Raw data:
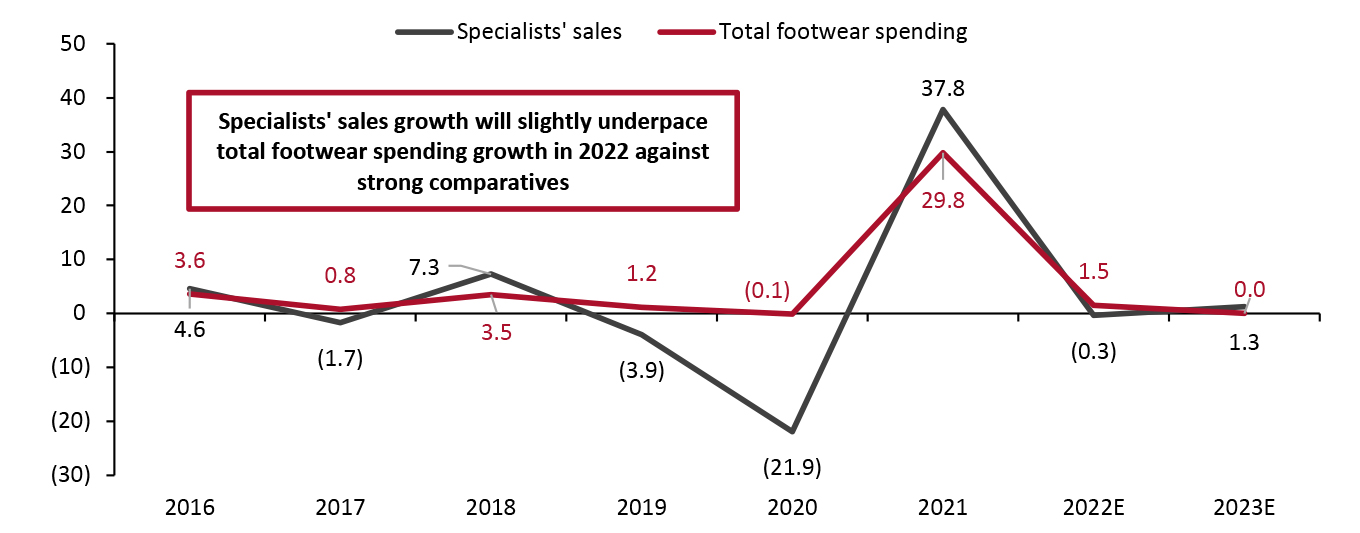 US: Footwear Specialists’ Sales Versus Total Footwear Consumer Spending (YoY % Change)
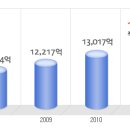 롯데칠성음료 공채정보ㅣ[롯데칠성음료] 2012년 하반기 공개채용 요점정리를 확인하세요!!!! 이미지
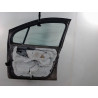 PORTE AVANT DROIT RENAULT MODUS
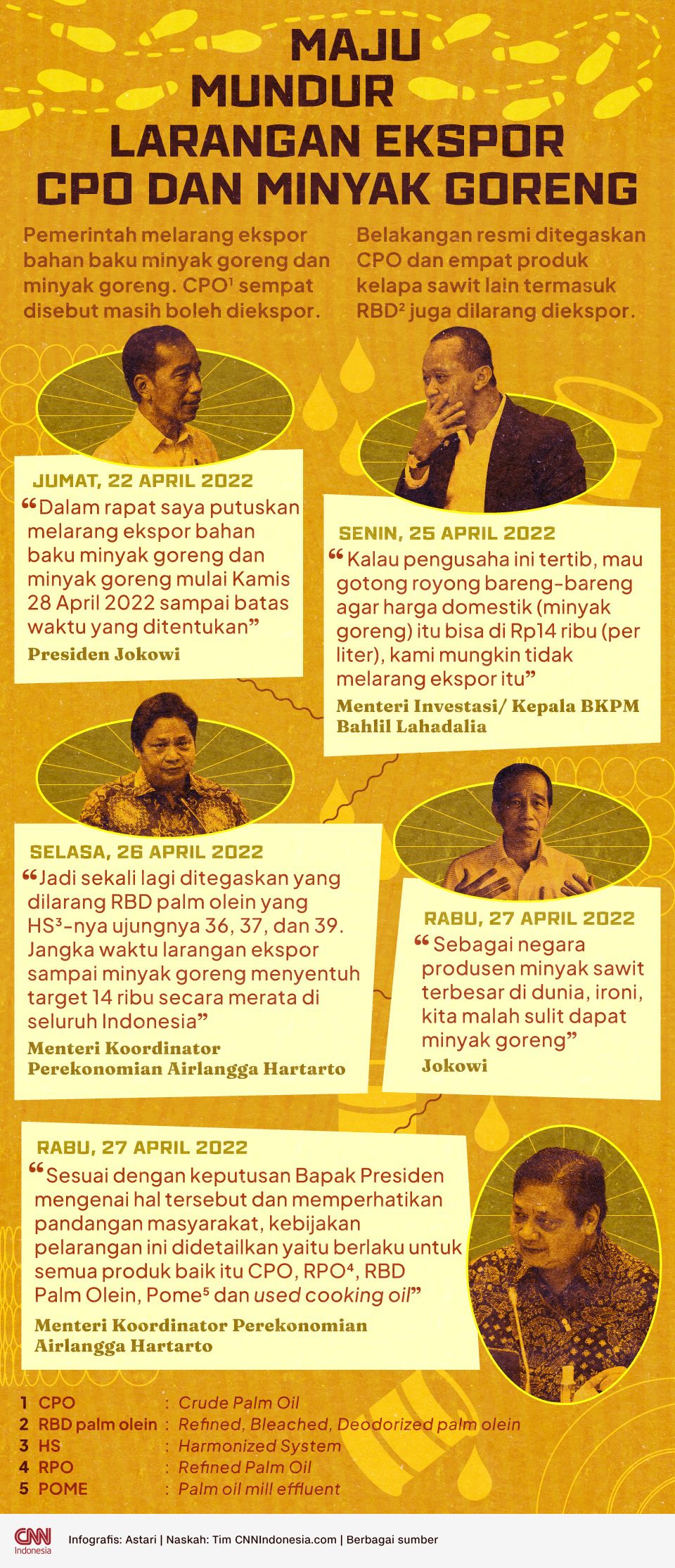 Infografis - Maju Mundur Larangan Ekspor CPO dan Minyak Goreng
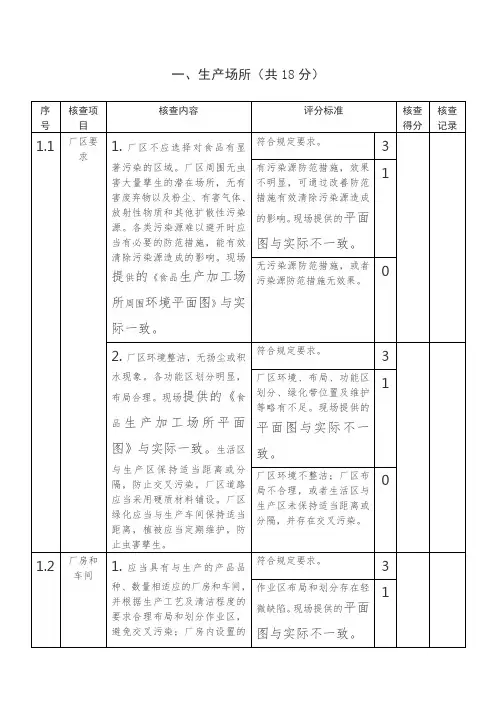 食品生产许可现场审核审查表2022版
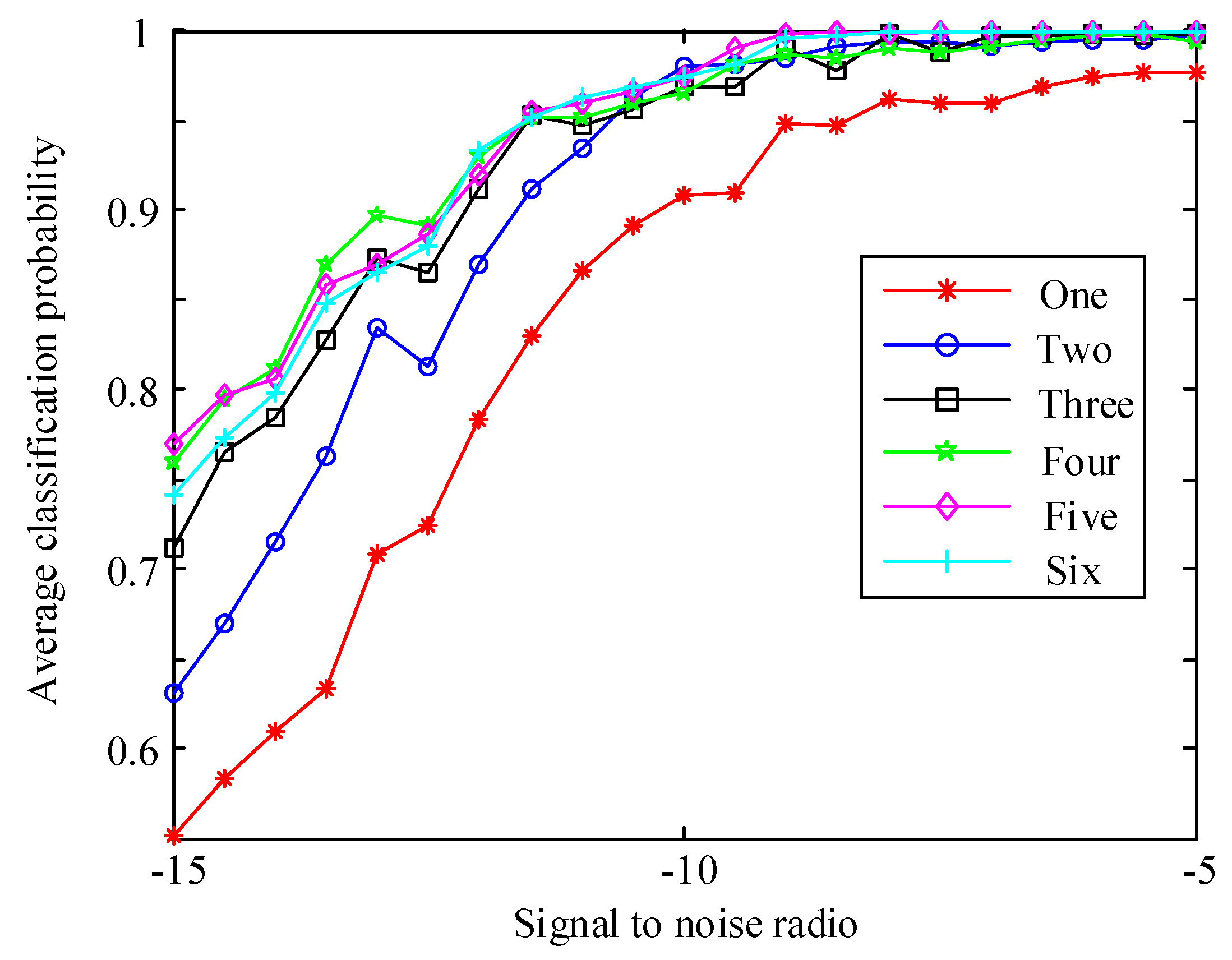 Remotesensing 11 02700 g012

Goal of the exercise: Text only, no pictures: copy every entry exactly.

Completed exercise:
 US: Footwear Specialists’ Sales Versus Total Footwear Consumer Spending (YoY % Change)
 롯데칠성음료 공채정보ㅣ[롯데칠성음료] 2012년 하반기 공개채용 요점정리를 확인하세요!!!! 이미지
 PORTE AVANT DROIT RENAULT MODUS
 Infografis - Maju Mundur Larangan Ekspor CPO dan Minyak Goreng
 食品生产许可现场审核审查表2022版
 Remotesensing 11 02700 g012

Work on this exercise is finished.